Posted on 02/25/2011 11:30:01 AM PST by FromLori
OK, it has a small effect. Maybe so.
Do you think the withdrawal of that potential supply caused the price of oil to go down a little? Or to go up a little?
“Did you see the other new Fed talking points? lol Recovery...”
Indeed. It’s really so simple. A $1.4 trillion federal deficit will eventually blow things up. Whether it blows things up as hyperinflation or as deflation depends on whether the fed monetizes the debt or makes Zero borrow the money from private lenders. The gorilla in the room is the deficit. One way or the other, the gorilla is going to tear the room up.

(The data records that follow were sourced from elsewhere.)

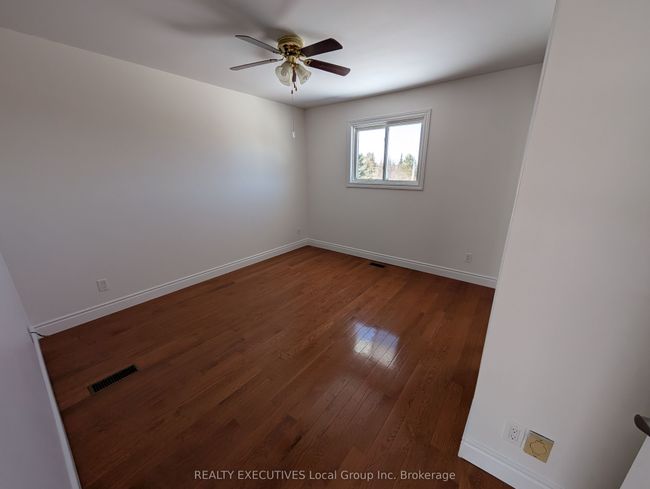2185 Papineau Rd, House other with 3 bedrooms, 2 bathrooms and 10 parking in Mattawa ON | Image 20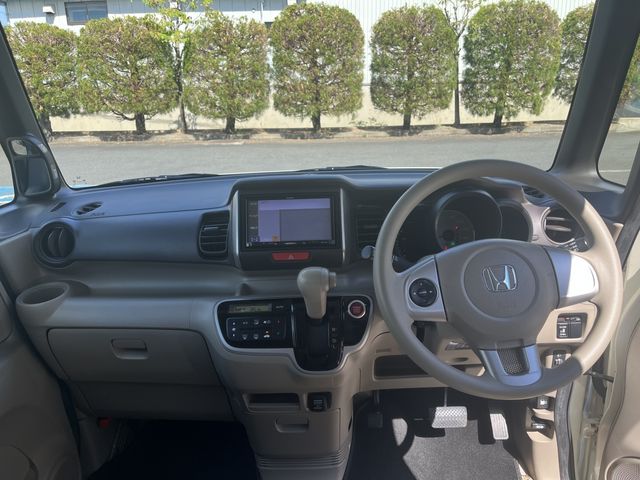 HONDA N BOX 2013 Image 31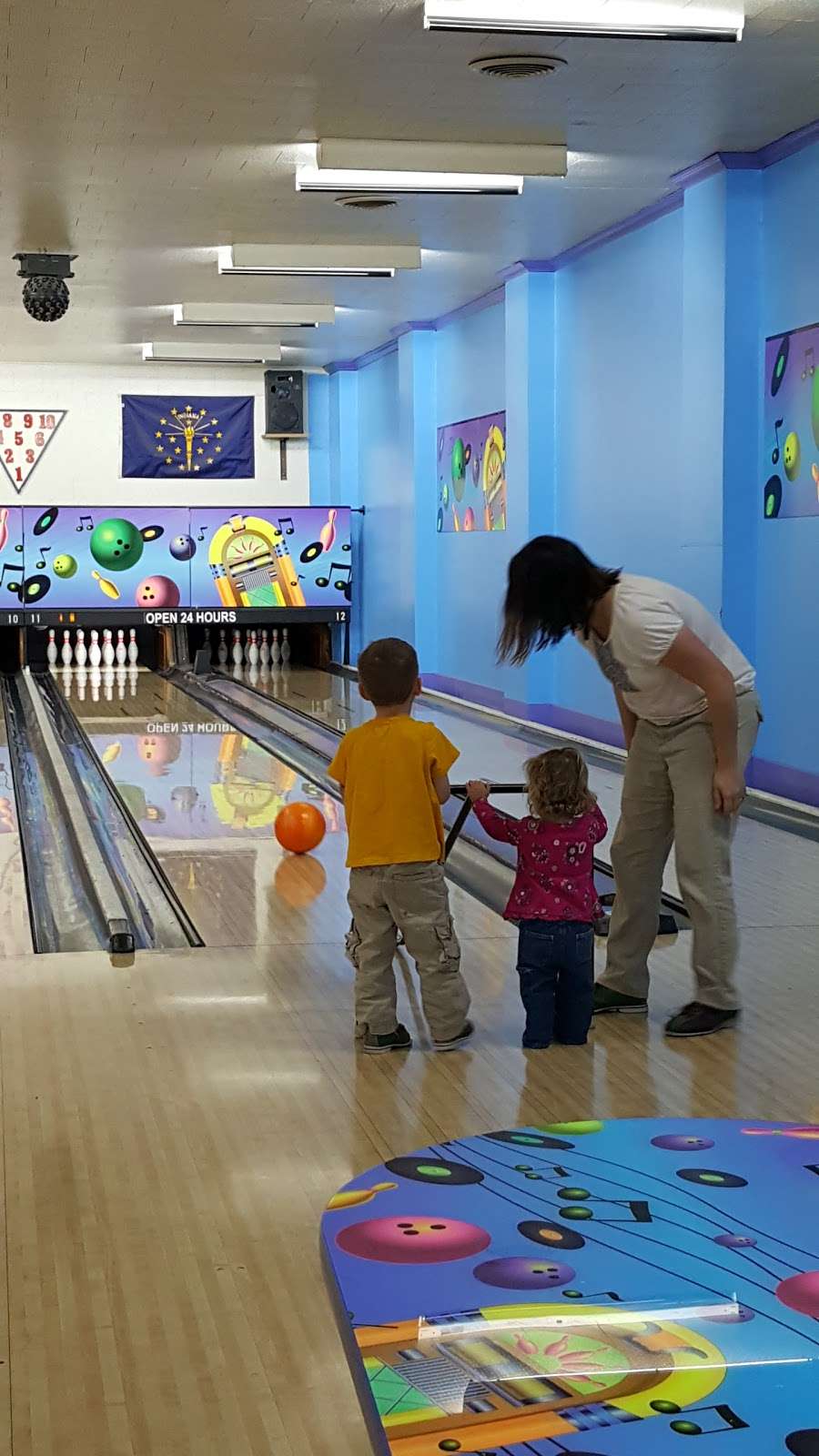 Beech Grove Bowl | 95 N 2nd Ave, Beech Grove, IN 46107, USA | Phone: (317) 784-3743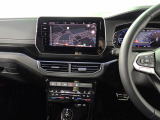 純正ナビゲーションも搭載しております。車両設定等ナビ画面にて設定することができます。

Whoever is the next president has the worst gig of all time because it looks like the Fed is going to let the deficit continue with no interest rate checks and to kick this can down the road until sometime after 2012.
Well the issue of monetization is settled even the Dallas Fed talks about it...

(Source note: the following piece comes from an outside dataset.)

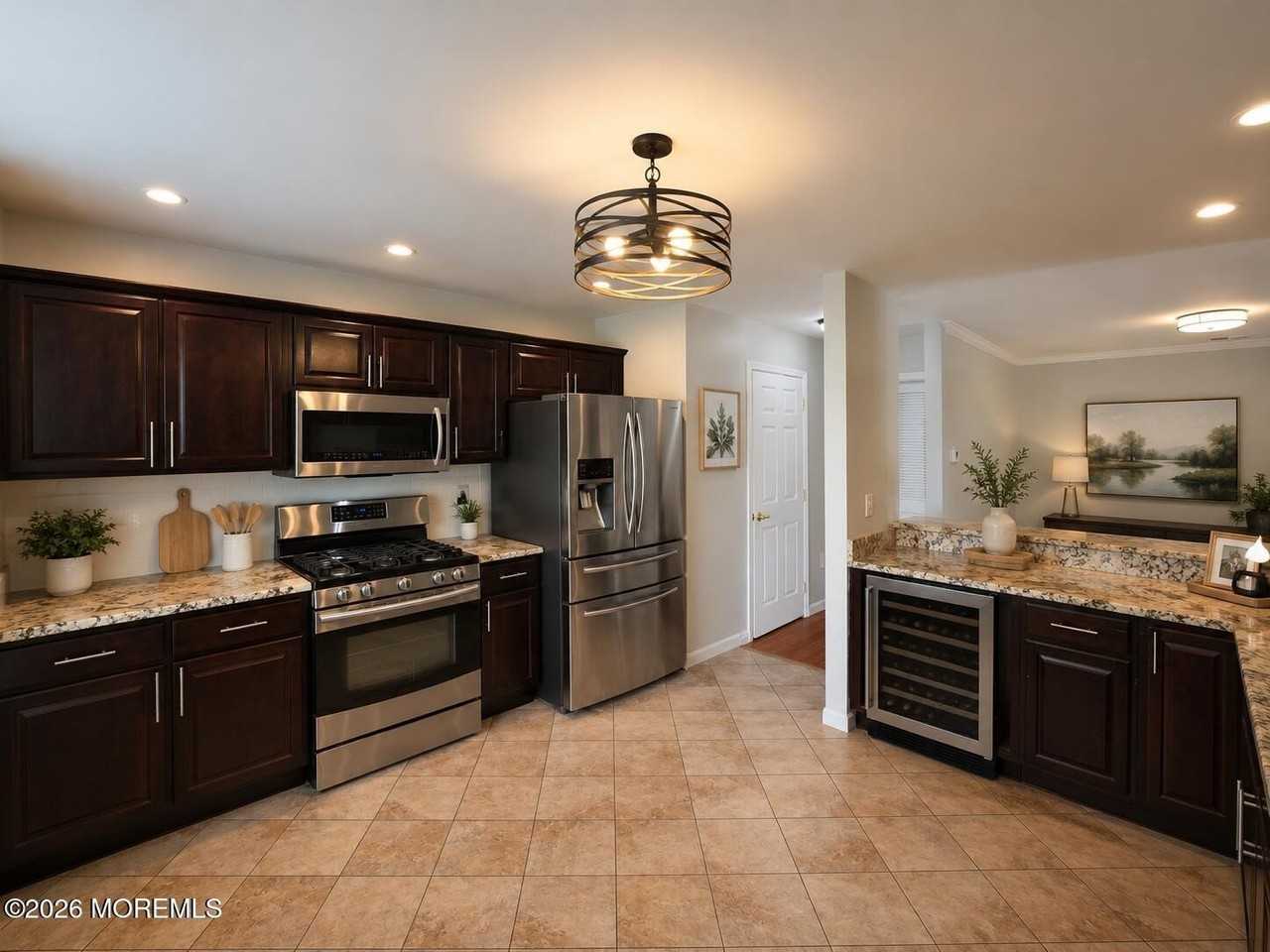 57 Phoenix Ct - Photo 3 of 26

Federal Reserve Balance Sheet Update: Excess Reserves Surge, Fed Owns 37% More Treasurys Than China
http://www.dallasfed.org/news/speeches/fisher/2011/fs110112.cfm
They were too scared and needed to be politically correct. We needed to bring freedom to the Iraqi people and democracy to the Middle East and eventually everyone would love us. Drill on our own soil and build Nuke facilities everywhere. Why are we paying $3+ for gas and $500 month to heat and cool our homes?
Keep waiting on those “green jobs” too... What a scam.
“Do you think the withdrawal of that potential supply caused the price of oil to go down a little? Or to go up a little?”
Maybe a little. The big effect of domestic production is on US employment, US balance of trade, and how much money we have to borrow from China.